Jesus lost his virginity yesterday. Jesus Killer, my fabulous fixed gear friend, that is. And I am referring to his crash virginity rather than my having given him a good up the seat post seeing to. Fucking Fairview folks. Again.
This spilling of Jesus, this spilling of me, bore quite the resemblance to my own, non-figurative cherry-popping, in that it took place on wet ground and was unremarkable in just about every conceivable way. A quick turn into the park, wet leaves, fucking down we go. I'm still sore. Left shoulder. Right knee. Heel of my left hand. Ouchy, ouchy, ouchy. Jesus remains relatively unscathed.

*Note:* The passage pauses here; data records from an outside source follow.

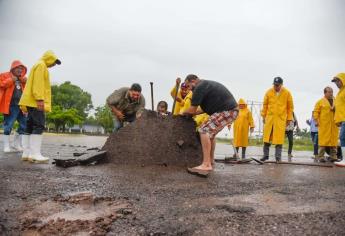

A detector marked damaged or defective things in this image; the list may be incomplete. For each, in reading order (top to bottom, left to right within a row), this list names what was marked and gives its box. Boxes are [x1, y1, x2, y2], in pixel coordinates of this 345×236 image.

pothole [19, 192, 132, 236]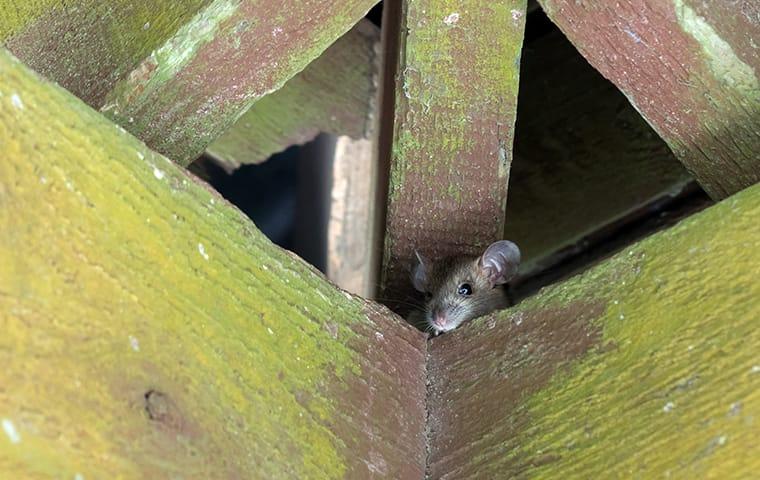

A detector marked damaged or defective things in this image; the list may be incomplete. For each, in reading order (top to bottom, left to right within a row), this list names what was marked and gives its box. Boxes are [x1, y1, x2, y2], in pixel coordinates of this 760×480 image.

peeling paint on wood [0, 48, 428, 480]
peeling paint on wood [101, 0, 382, 165]
peeling paint on wood [206, 20, 380, 169]
peeling paint on wood [382, 0, 524, 310]
peeling paint on wood [428, 183, 760, 476]
peeling paint on wood [536, 0, 760, 199]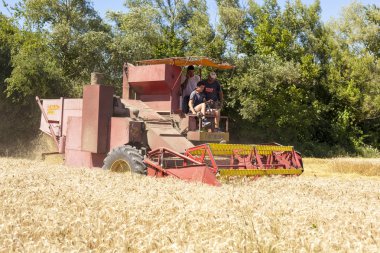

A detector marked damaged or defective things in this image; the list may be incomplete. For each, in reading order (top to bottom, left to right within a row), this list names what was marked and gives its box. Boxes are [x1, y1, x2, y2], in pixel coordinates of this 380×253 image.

rusty metal panel [81, 84, 113, 153]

The irony of my being helped up by a bus driver was not lost on me, nor should it be lost on you. These fuckers seem to spend most of their working day attempting to make orphans of my children and yet it would seem that if you take them from behind their oversized wheels they become quite the gentle men and women.

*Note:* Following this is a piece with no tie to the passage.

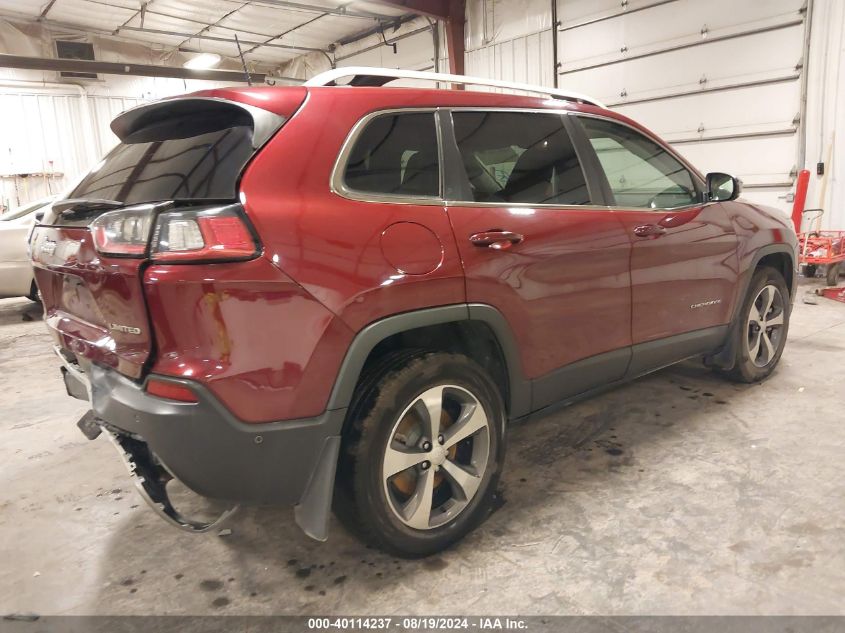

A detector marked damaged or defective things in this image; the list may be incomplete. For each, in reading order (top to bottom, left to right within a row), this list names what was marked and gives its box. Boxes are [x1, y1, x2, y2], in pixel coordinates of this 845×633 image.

damaged rear bumper [57, 348, 344, 540]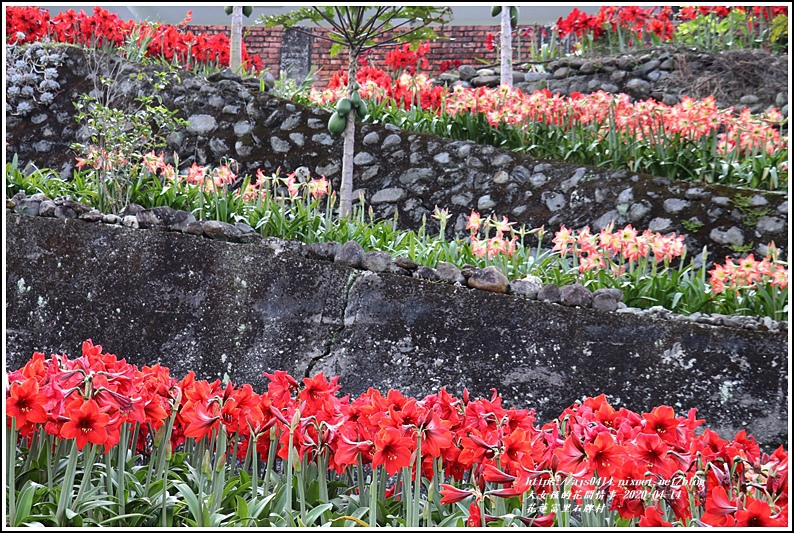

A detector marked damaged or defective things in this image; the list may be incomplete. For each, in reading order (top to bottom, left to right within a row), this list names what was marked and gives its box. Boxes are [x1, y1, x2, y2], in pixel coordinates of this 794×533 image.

cracked concrete wall [6, 212, 784, 448]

'Wet leaves, was it?' It was, Mr Bus Driver Man, it was.
But I want to talk briefly about the moment. On this occasion, it was but a brief moment, though once it lasted longer. When, during my second ever ride upon Hardcore Motherfucker, I slammed on the brakes and flew through the air with greatest of ease, landing on outstretched arms, and shattering my right elbow, I must have been in the air for a good three seconds. Yesterday, it was just the blink of eye, the flash between feeling the wheels go and the grounding itself. But in both cases there was the moment, that seems somehow to last forever. The moment when control is lost and the burdens of this cursed life become no longer mine. Instinct is doing the fall breaking, the arm outstretching, the face protecting and the mind is left to wander free in a kind of nirvana. I don't even think with hopeful relief that maybe this time I'll die or even just get a couple of weeks in hospital. I think of nothing, which is oh so very rare. I can see totally see the attraction of jumping, if only I didn't have to make the decision to jump.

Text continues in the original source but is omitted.